September 24, 2012
Sugary Sodas Lead To An Increased Risk Of Obesity
Lee Rannals for redOrbit.com — Your Universe Online
A new study has confirmed a link between sugary sodas, and genetic susceptibility to high body mass index (BMI) and increased risk of obesity.The team wrote in the New England Journal of Medicine that their findings reinforce the view that environmental and genetic factors shape obesity risk.
"Our study for the first time provides reproducible evidence from three prospective cohorts to show genetic and dietary factors–sugar-sweetened beverages–may mutually influence their effects on body weight and obesity risk," Lu Qi, assistant professor in the Department of Nutrition at Harvard School of Public Health (HSPH) and senior author of the study, said in a press release.
Consuming sugary drinks in the past three decades has increased worldwide, and there has been little research on whether environmental factors like drinking these drinks can influence genetic predisposition.
For the study, the team used data from 121,700 women in the Nurses' Health Study (NHS), 51,529 men in the Health Professionals Follow-up Study (HPFS), and 25,000 in the Women's Genome Health Study (WGHS).
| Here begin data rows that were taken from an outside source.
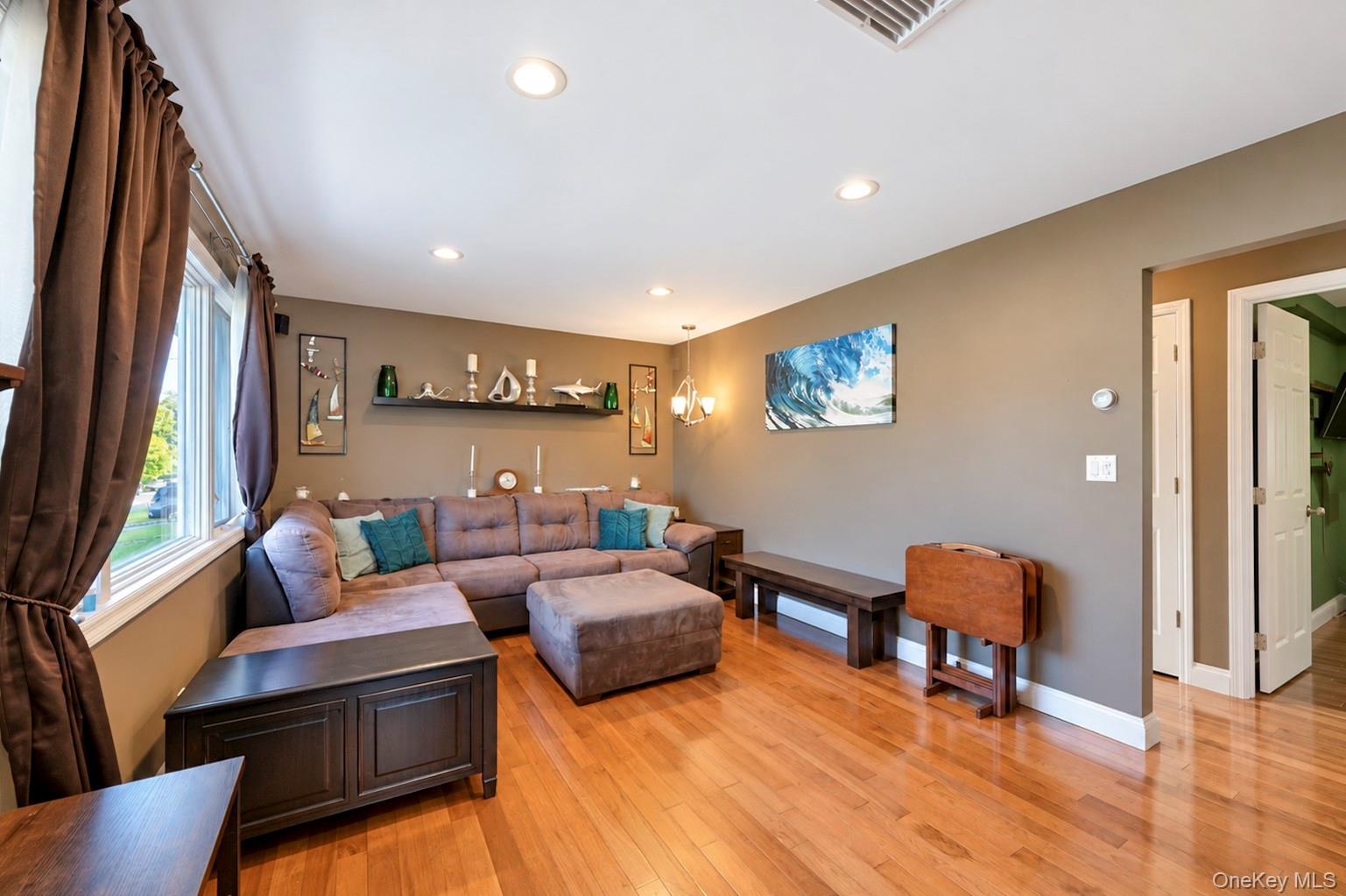 16 Neptune Avenue – For Sale photo 16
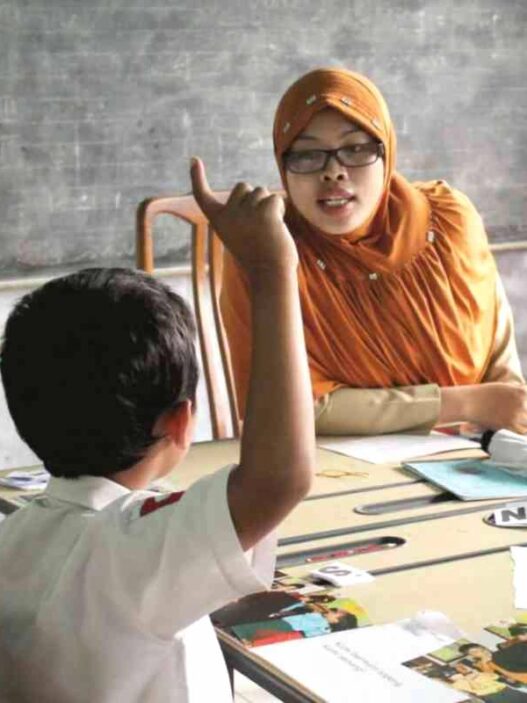 Bagi peserta yang ingin mengetahui hasil seleksi administrasi beasiswa bpi 2025 tahap s1 dan d4 guru, berikut langkah langkahnya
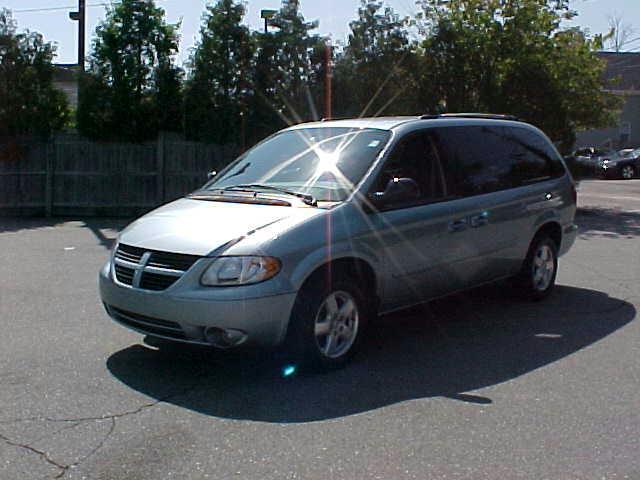 2005 Dodge Grand Caravan S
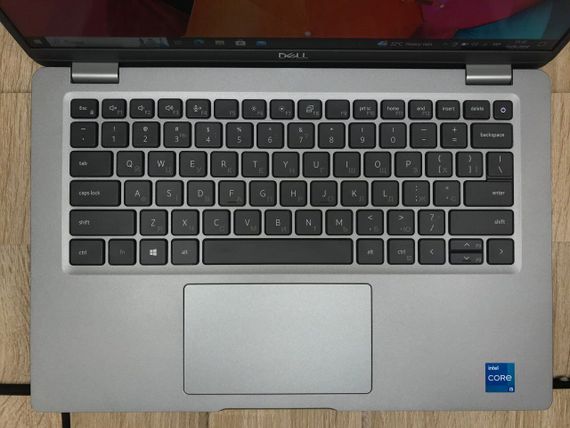 Ультрабук Б-класс Dell Latitude 5420 / 14" (1920x1080) IPS / Intel Core i5-1145G7 (4 (8) ядра по 2.6 - 4.4 GHz) / 8 GB DDR4 / 256 GB SSD / Intel Iris Xe Graphics / WebCam / HDMI / Windows 10 б/у | Зображення 3
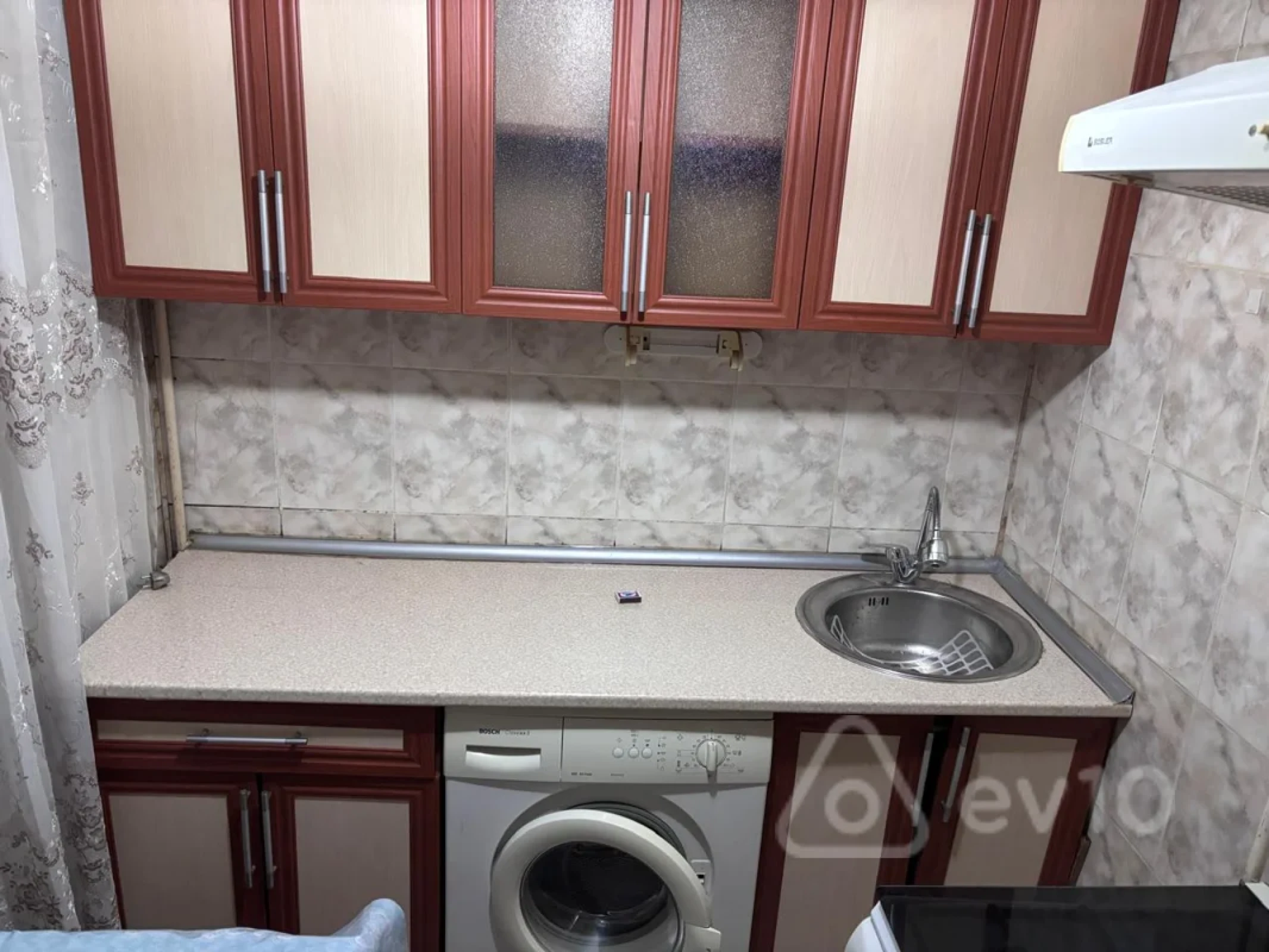 Kirayə verilir 2 otaqlı köhnə tikili 60 m²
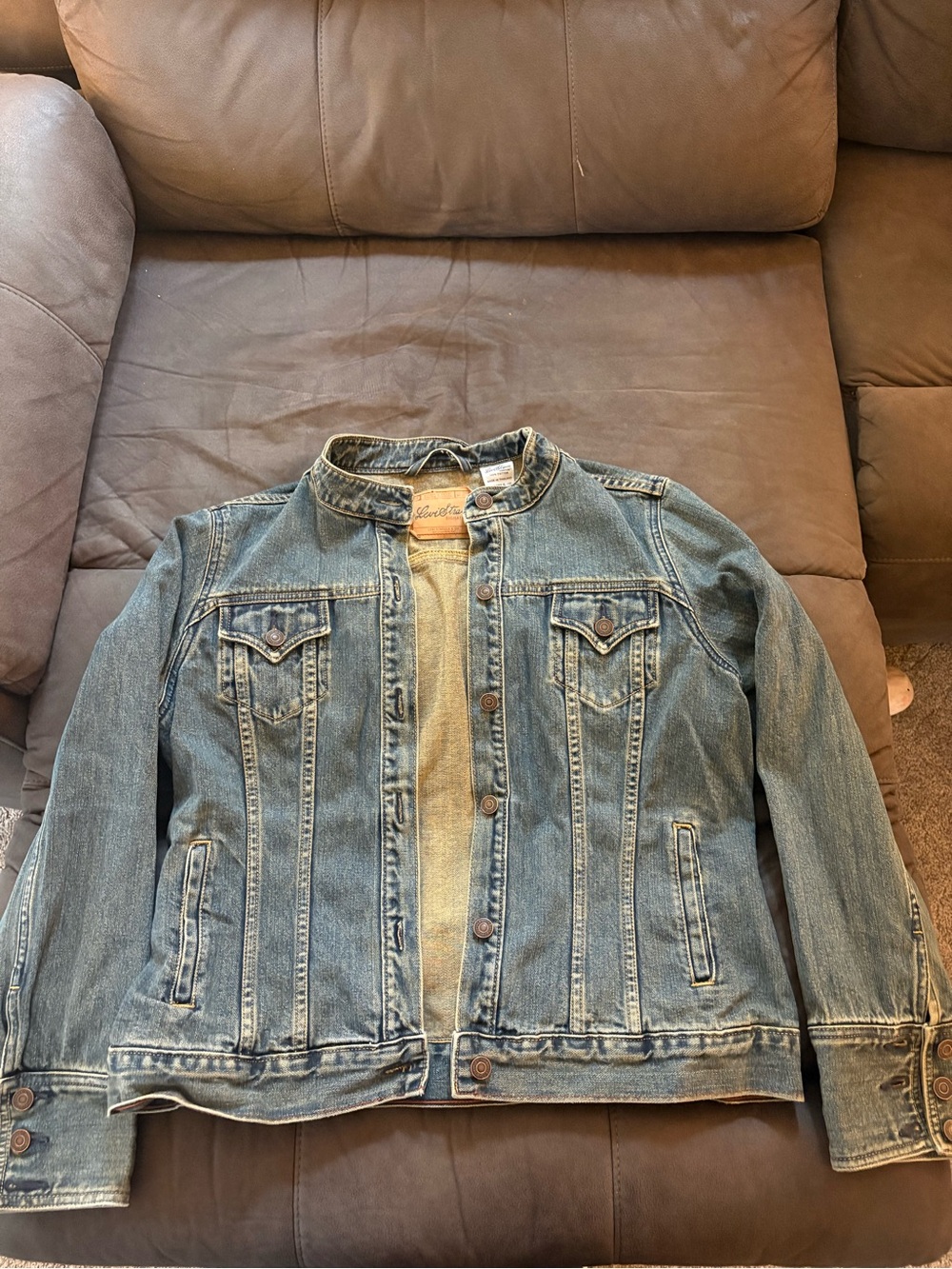 Vintage Classic Light Wash Denim Jacket - Blue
All of the participants in the research had completed food-frequency questionnaires detailing their food and drink consumption.
The team analyzed data from 6,934 women from NHS, 4,423 men from HPFS, and 21,740 women from WGHS who were of European ancestry.
Participants were divided into four groups depending on how many sugar drinks they consumed. The groups were broken up into those who consumed less than one serving of a sugar beverage a month, between one to four servings per month, between 2 to six servings per week, and one or more servings per day.
The results showed that the genetic effects of BMI and obesity risk among those who drank one or more sugary drinks per day were twice as large as those who consumed less than one per month. The findings suggest that regular consumption of sugary beverages may amplify the genetic risk of obesity.
The team also found that individuals with greater genetic predisposition to obesity appear to be more susceptible to harmful effects of sugary drinks on BMI.
"SSBs are one of the driving forces behind the obesity epidemic," Frank Hu, professor of nutrition and epidemiology at HSPH and a coauthor of this study, said in a press release. "The implication of our study is that the genetic effects of obesity can be offset by healthier food and beverage choices."
Qi said the findings could motivate other researchers to study the interactions between genomic variation and environmental factors that play a role in human health.
Another study published in the same journal also looked into the association of sugar-sweetened beverages and obesity focused on adolescents.
This study found that adolescents who received deliveries of non-caloric beverages for one year gained an average of four fewer pounds than their peers who continued to drink sugar-sweetened drinks.
The American Beverage Association spoke out in regards to the findings presented in the journal.
"We know, and science supports, that obesity is not uniquely caused by any single food or beverage," said the American Beverage Association in a statement. "Studies and opinion pieces that focus solely on sugar-sweetened beverages, or any other single source of calories, do nothing meaningful to help address this serious issue."